In the foreign exchange, the euro extended
gains to 1.0933 against a broadly softer US dollar. The pair is now preparing to test the 1.10 offers. Federal Reserve (Fed) ultra-loose
policy stance versus the European Central Bank’s (ECB) neutral attitude towards interest rates should back a further recovery in the
single currency. Stops are seen above the 1.10 mark and support the euro’s appreciation if cleared. Yet soft economic data is the highest
barrier for the euro appreciation as activity in Europe slows at a historical rate.
German consumer confidence tanked to a record low of 2.7 for
April, versus 7.1 expected by analysts and 8.3 printed a month earlier. In-store German retail apparel sales are down by 90% year-on-year.

Elsewhere,
British retail sales fell 0.3% in February versus 0.2% expected and 0.9% posted a month earlier. There will be a decent fall in this number as
activity slowed meaningfully in March. We expect up to a two-digit slump following the full lockdown in April.
In Switzerland, the
leading retailers are overwhelmed with a deluge of online orders that they can’t process.

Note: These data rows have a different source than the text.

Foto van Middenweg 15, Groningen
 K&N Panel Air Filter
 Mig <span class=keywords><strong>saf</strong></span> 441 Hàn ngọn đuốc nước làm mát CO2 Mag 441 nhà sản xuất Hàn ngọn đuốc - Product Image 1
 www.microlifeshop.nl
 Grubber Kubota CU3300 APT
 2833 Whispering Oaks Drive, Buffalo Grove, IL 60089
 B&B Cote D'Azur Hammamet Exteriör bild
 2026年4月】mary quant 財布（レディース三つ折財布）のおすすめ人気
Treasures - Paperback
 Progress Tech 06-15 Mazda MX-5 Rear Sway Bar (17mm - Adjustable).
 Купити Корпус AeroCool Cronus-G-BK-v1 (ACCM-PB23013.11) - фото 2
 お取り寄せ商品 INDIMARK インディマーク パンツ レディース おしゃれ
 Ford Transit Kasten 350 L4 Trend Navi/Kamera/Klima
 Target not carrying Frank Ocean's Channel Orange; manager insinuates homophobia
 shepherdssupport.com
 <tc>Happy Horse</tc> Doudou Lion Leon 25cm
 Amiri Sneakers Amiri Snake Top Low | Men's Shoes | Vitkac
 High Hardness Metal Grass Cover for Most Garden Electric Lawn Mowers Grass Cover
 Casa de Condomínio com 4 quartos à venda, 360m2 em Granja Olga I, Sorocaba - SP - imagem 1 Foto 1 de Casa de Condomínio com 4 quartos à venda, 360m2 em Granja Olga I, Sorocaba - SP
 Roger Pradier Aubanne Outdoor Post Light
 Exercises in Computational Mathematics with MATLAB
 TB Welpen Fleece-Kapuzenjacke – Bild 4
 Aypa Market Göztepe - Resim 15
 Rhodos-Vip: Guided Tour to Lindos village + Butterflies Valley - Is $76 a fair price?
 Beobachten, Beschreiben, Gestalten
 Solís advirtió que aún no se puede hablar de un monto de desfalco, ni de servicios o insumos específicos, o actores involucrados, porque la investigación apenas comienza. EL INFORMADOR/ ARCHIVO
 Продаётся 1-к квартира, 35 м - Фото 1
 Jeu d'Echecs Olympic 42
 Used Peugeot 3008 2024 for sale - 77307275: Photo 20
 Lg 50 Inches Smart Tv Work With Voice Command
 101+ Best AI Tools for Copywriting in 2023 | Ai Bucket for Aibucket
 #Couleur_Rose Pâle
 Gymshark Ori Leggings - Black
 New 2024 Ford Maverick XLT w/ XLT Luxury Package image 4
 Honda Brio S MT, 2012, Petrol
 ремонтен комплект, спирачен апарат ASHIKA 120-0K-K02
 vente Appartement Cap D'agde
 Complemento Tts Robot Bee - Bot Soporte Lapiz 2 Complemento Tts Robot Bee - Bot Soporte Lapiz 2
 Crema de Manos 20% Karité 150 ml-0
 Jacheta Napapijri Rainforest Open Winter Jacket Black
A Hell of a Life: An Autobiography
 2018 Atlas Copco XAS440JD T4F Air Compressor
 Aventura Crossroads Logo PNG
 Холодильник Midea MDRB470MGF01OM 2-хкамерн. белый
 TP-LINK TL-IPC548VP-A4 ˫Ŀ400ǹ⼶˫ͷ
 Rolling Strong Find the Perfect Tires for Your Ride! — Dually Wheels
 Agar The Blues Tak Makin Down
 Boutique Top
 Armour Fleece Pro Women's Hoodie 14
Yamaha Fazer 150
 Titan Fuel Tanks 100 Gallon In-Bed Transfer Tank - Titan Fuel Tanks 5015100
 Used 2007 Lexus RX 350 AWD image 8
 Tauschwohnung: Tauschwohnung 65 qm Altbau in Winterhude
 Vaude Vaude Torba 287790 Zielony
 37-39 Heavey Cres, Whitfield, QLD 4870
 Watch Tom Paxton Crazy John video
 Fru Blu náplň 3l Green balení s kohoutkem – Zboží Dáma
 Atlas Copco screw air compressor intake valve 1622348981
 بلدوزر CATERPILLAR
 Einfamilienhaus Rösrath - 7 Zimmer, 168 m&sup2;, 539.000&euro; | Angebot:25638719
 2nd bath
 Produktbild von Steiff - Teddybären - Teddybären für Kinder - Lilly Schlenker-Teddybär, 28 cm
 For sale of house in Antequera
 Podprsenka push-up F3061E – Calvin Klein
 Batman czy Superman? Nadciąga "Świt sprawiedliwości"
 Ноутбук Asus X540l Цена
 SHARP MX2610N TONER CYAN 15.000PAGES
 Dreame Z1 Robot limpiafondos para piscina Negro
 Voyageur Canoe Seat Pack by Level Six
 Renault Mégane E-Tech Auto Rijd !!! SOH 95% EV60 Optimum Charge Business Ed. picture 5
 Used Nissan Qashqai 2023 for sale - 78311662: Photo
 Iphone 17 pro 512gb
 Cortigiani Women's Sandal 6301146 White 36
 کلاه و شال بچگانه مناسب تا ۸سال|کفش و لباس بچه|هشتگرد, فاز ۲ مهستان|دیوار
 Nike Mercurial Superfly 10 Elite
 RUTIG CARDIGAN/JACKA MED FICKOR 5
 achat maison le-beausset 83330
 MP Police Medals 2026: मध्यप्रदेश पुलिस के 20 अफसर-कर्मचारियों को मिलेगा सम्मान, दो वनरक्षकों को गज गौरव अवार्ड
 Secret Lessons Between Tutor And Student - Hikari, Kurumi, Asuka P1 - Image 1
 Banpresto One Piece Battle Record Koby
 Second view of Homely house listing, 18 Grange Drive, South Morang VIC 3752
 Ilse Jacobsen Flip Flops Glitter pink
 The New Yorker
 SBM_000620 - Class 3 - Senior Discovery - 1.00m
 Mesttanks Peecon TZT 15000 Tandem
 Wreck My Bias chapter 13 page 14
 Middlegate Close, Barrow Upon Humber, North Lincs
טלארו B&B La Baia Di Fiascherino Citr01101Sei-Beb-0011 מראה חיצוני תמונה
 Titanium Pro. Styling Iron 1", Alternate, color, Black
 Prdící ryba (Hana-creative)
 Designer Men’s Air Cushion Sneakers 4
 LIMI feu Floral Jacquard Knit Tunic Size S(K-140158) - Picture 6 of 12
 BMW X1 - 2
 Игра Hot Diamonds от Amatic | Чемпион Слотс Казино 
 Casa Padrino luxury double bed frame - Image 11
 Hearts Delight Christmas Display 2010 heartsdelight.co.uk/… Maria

Unfortunately, European online shopping may not be as
developed as in Asia and in the US to give the necessary support to the economy right now.

Cable bumped into decent offers sub-1.20 on
Wednesday. The Bank of England (BoE) is expected to stay pat at today’s monetary policy meeting after British policymakers slashed
interest rates to the historical low of 0.10% and increased its asset purchases program by 200-billion pound at an emergency gathering
earlier this month. But we expect the BoE to maintain an ultra-dovish policy stance given that the UK’s economy is expected to shrink by 10% in
the first half of this year. Combined with the mounting anxiety that the Brits would rush out of the European Union by the end of the year
without a trade deal in hand, the price advances in sterling could remain limited. We believe that a broad-based downside correction in the
US dollar could back a mid-term advance toward the $1.30 mark, but core short positions will likely cap a further advance above this level.